● Work item
Could you print the listing again exactly, omitting the pictures?

● Supplied material
+--

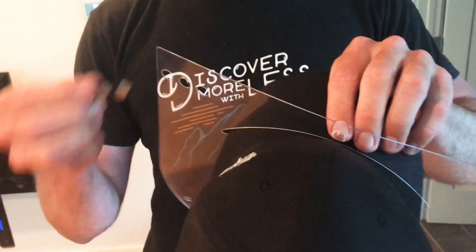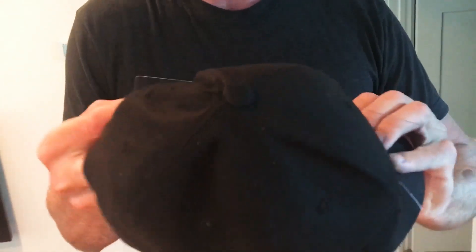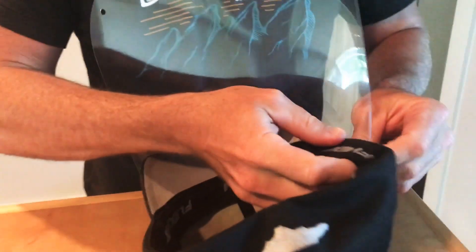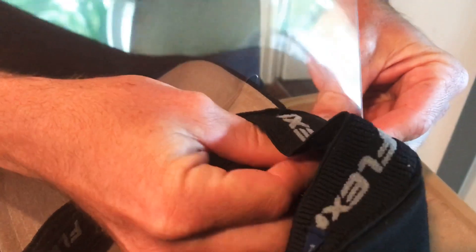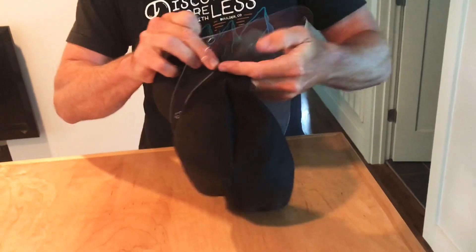So what you want to do — these magnetic strips here — put it right into here and kind of grab the side of your hat. What we want to do is get inside the hat and pull this back. Pull this part back and take the magnetic strip, the metal side — you can hear it just pop right into place. And do the same on the other side.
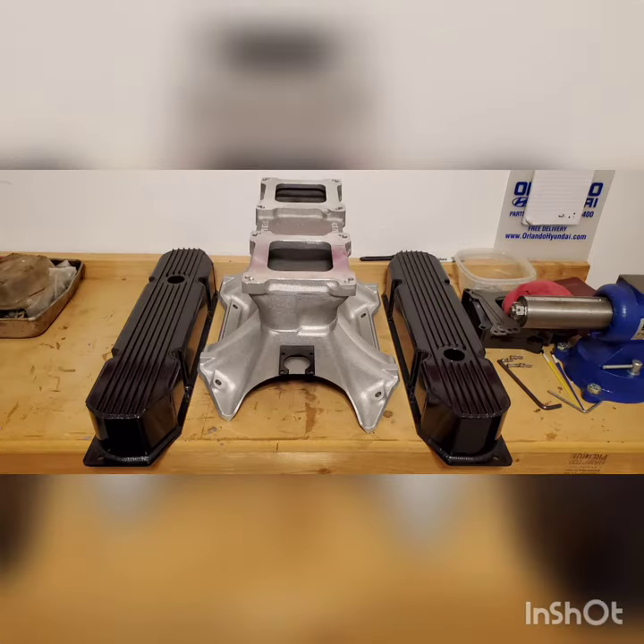These castings are just way off, and the machine work is not good — not good at all. I'll see you in the next video.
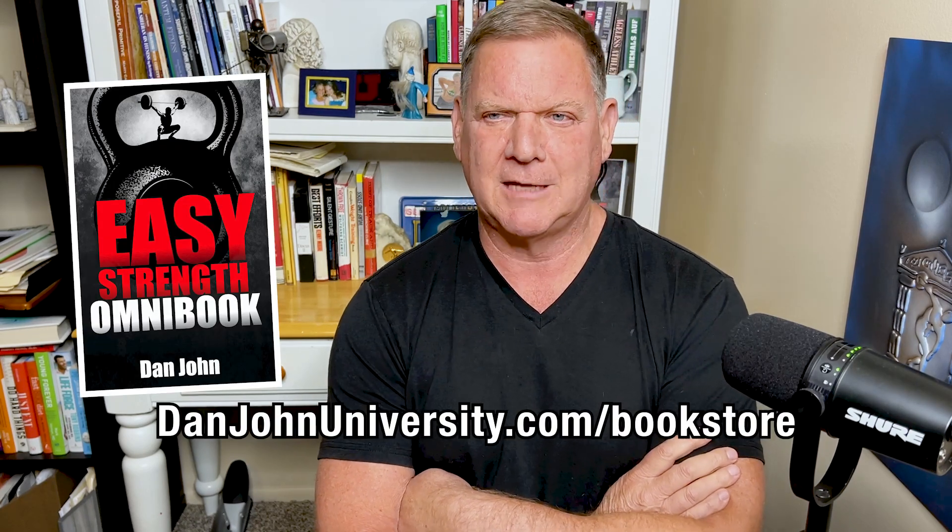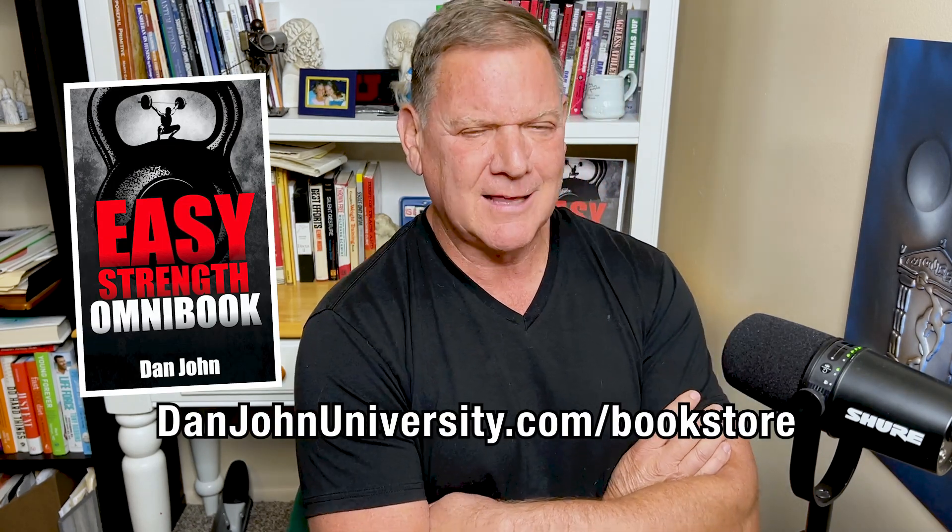Squats are hard to work into Easy Strength — they just are. I talk about this in the book Easy Strength, available at danjohnuniversity.com/bookstore. I give you three whole chapters on why I don't think they work, and then another chapter on how to make them work. For most of the North Americans and some Europeans I work with, we're just not built to squat. Two sets of five with a reasonable weight takes out way more than you'd want, and having to do that the next day, the next day, the next day just doesn't work.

+--

● Response
So what you want to do — these magnetic strips here — put it right into here and kind of grab the side of your hat. What we want to do is get inside the hat and pull this back. Pull this part back and take the magnetic strip, the metal side — you can hear it just pop right into place. And do the same on the other side.
These castings are just way off, and the machine work is not good — not good at all. I'll see you in the next video.
Squats are hard to work into Easy Strength — they just are. I talk about this in the book Easy Strength, available at danjohnuniversity.com/bookstore. I give you three whole chapters on why I don't think they work, and then another chapter on how to make them work. For most of the North Americans and some Europeans I work with, we're just not built to squat. Two sets of five with a reasonable weight takes out way more than you'd want, and having to do that the next day, the next day, the next day just doesn't work.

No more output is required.